Lisa Gagnon made this soup a couple of weeks ago for the musicians performing at Fiddleheads Saturday Market. It’s dairy-free, possibly vegan and gluten-free depending on what brand of bullion cubes you use; it gets it’s incredibly rich and creamy texture from pureeing most of the cooked mixture before serving. She doesn’t measure out the herbs so add to taste as she does.The ingredient amounts here are halved from the original recipe, which filled a very large soup pot.
If you prefer, substitute the water and boullion cubes for store-bought or homemade organic vegetable broth. You could also use more mushrooms than called for, and/or substitute another variety: shiitake, oyster, etc. (Don’t use portobello as they would most likely lend an unpleasant color.)
LISA GAGNON’S BROCCOLI & MUSHROOM SOUP (NON-DAIRY)
2 medium-large onions, chopped
1/2 head garlic, coarsely minced or crushed
Olive or Safflower Oil, enough to coat bottom of pan
1 bunch broccoli, stems chopped
6 ounces white button or crimini mushrooms, sliced or chopped
Fresh or dried herbs to taste: rosemary, thyme, oregano
2 Veggie Gourmet (or your favorite brand) boullion cubes
In a saucepan or soup pot sautee the onions and garlic with olive oil over low-medium heat, stirring frequently, until soft.

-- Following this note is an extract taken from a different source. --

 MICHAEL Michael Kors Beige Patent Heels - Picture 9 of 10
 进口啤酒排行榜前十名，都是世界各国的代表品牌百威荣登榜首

Add sliced mushrooms to pan and lightly sautee until tender, about five minutes or less. Add the broccoli, stems and flowerets, to the pan and just enough water to cover broccoli; do not use more than that or your final product will be too thin. Stir in boullion cubes and herbs to taste, and simmer until broccoli stems are tender, stirring occasionally. Adjust herbs as necessary.
When the broccoli is tender, hold some of the flowerets and chunks aside; if you use more mushroom than the recipe calls for, hold some of the slices aside as well. Puree in the remainder in a blender or food processor, in batches if necessary. Add the reserved vegetables back in the mixture. Can be served hot or cold.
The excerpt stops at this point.